About CVE-2022-47986
IBM Aspera Faspex is used by organizations to allow employees to quickly and securely exchange files with each other. (The files are uploaded to and downloaded from a centralized Aspera transfer server.)
CVE-2022-47986 is a YAML deserialization flaw that can be triggered by remote attackers sending a specially crafted obsolete API call. It affects IBM Aspera Faspex 4.4.2 Patch Level 1 and earlier, and allows arbitrary code execution.
The problem, according to Rapid7’s security researcher Caitlin Condon, is that Aspera Faspex is typically installed on the network perimeter and – obviously – that some organizations haven’t plugged this particular security hole when IBM first made patches available.
Now, granted, its initial CVSS score (8.1) and the fact that it was the most highly scored vulnerability patched at the time might have had something to do with their decision not to patch quickly.
Unfortunately for them, the score was subsequently raised to 9.8 (out of 10) to reflect its real severity. But, more importantly, Max Garrett – the researcher who unearthed it – released technical details and PoC exploit code.
Exploiting CVE-2022-47986
The attackers started exploiting it almost immediately, and they haven’t stopped since.

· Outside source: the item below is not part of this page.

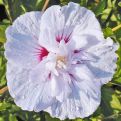 Hibiscus syriacus `China Chiffon`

In early March, SentinelOne researchers spotted attackers wielding the IceFire ransomware hitting Linux boxes of organizations in Turkey, Iran, Pakistan, and the United Arab Emirates. Greynoise recorded several exploitation attempts in the last month.

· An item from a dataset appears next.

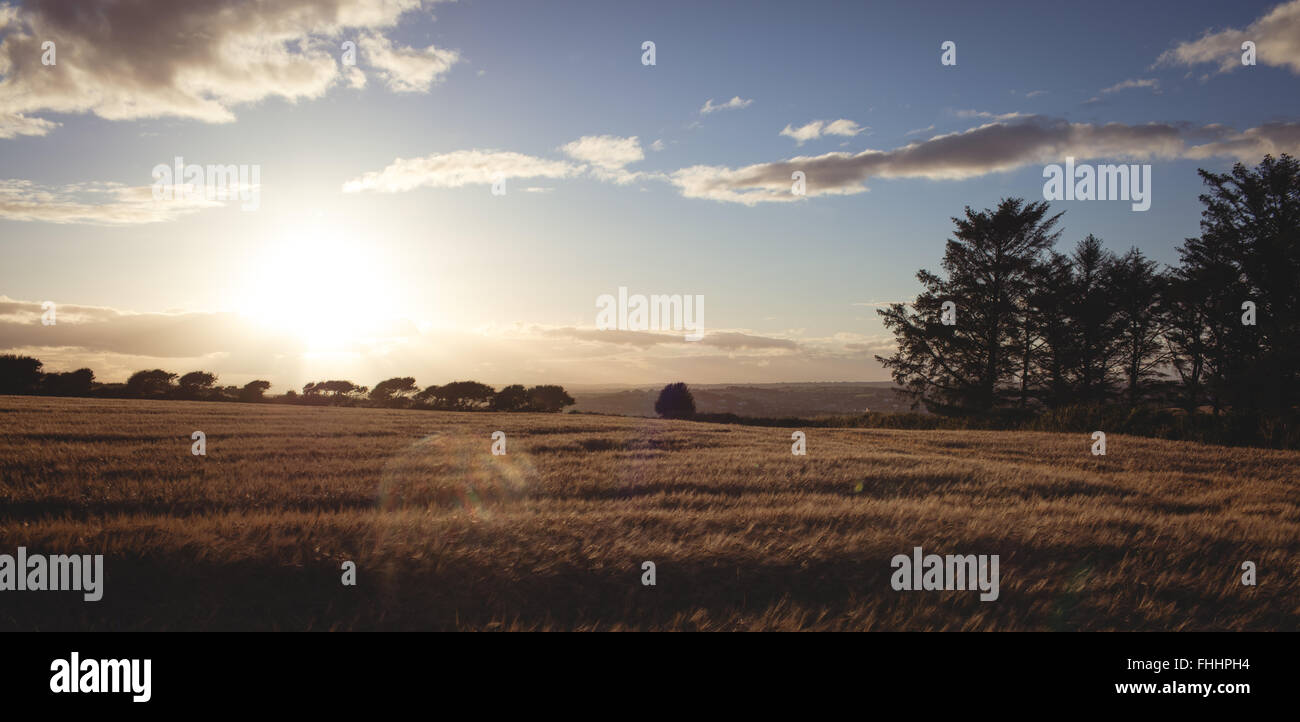 Cielo blu su campi dorati Foto Stock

Rapid7’s Condon also says that they are aware of at least one recent incident where a customer was compromised via CVE-2022-47986.

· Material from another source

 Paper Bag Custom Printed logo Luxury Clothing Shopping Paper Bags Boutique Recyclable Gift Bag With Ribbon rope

The company has shared indicators of compromise that might come in handy to those who have been compromised but have yet to have ransomware unleashed on their systems (if deploying ransomware and not data exfiltration and extortion was the plan).
Enterprise admins are advised to upgrade their IBM Aspera Faspex server immediately and to look for – and act on – evidence of compromise.